> **Exercise goal**:
With all images left out, restate the records below exactly as written.

————————

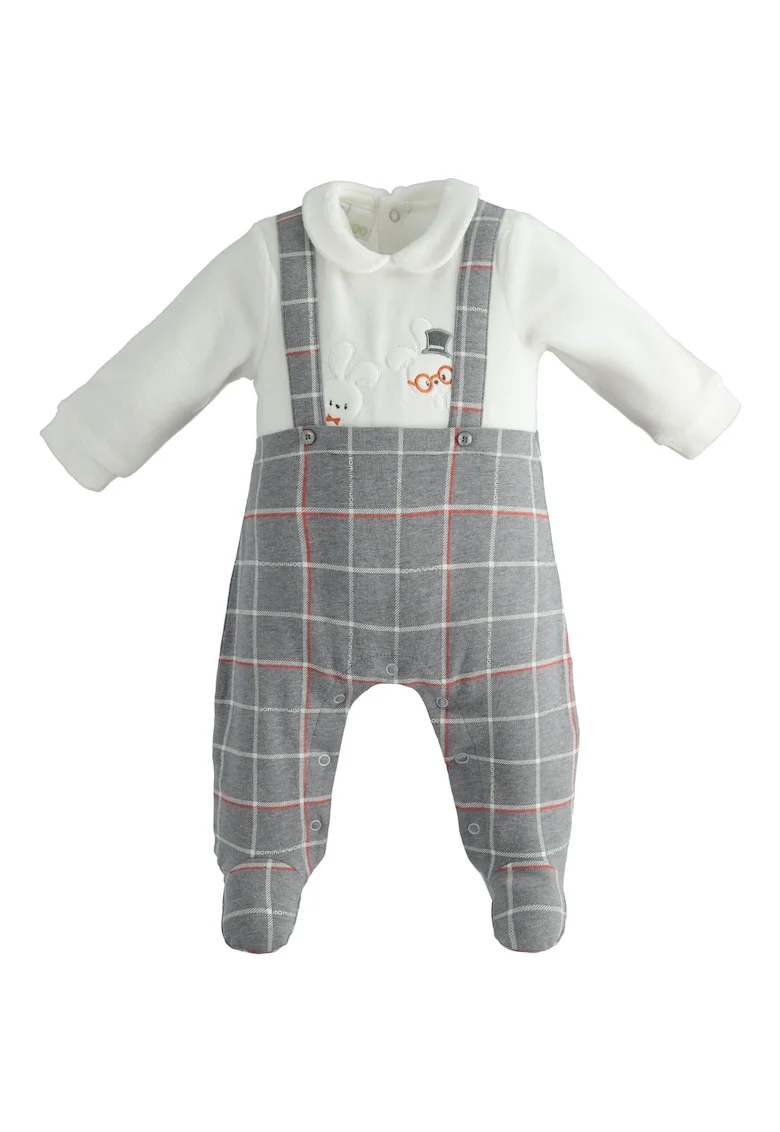 Salopeta lunga cu imprimeu pentru bebe baiat,  4.5175, Alb/Gri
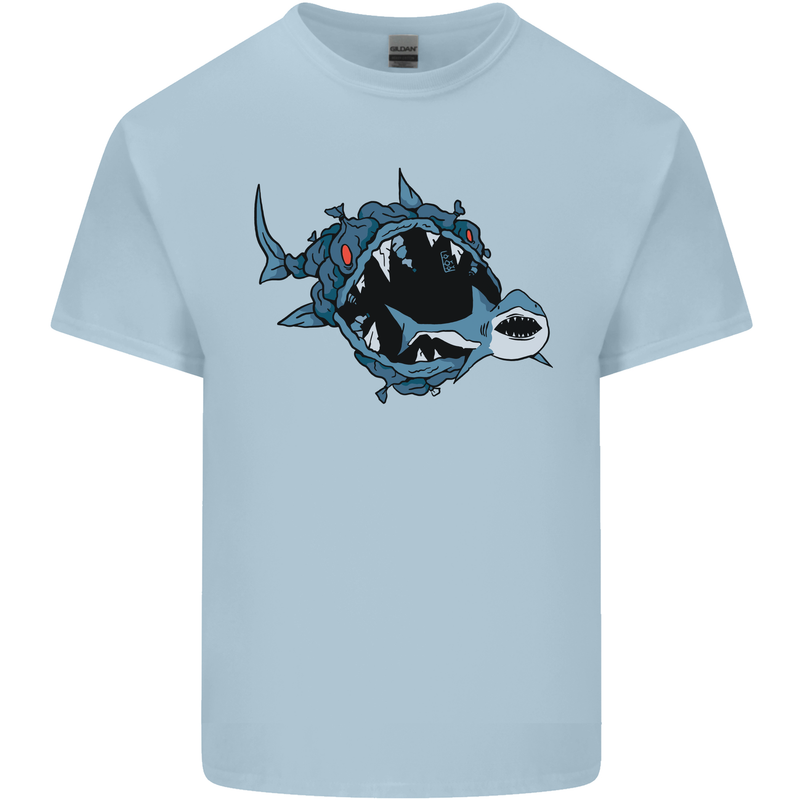 Pollution Great White Shark Climate Change Mens Cotton T-Shirt Tee Top Light Blue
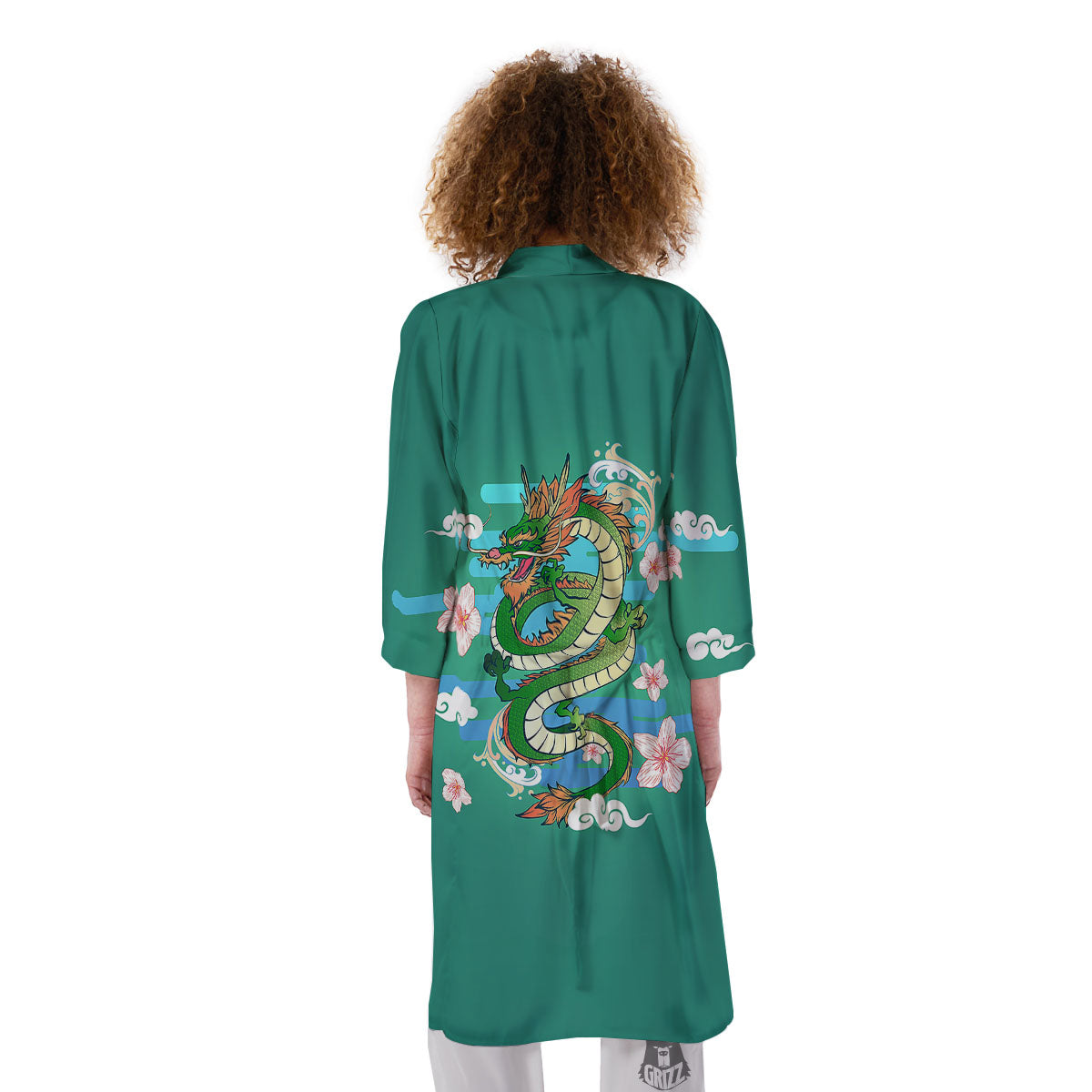 Dragon Tattoo Green Japanese Print Kimono-grizzshop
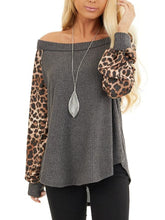 Load image into Gallery viewer, Leopard Print Long Sleeve Charcoal Waffle Knitted Top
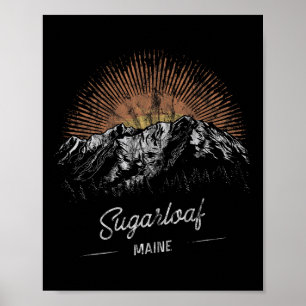 Sugarloaf Mountains Maine Wandelen Buiten Vintage Poster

————————

> **Exercise response**:
 Salopeta lunga cu imprimeu pentru bebe baiat,  4.5175, Alb/Gri
 Pollution Great White Shark Climate Change Mens Cotton T-Shirt Tee Top Light Blue
 Dragon Tattoo Green Japanese Print Kimono-grizzshop
 Load image into Gallery viewer, Leopard Print Long Sleeve Charcoal Waffle Knitted Top
 Sugarloaf Mountains Maine Wandelen Buiten Vintage Poster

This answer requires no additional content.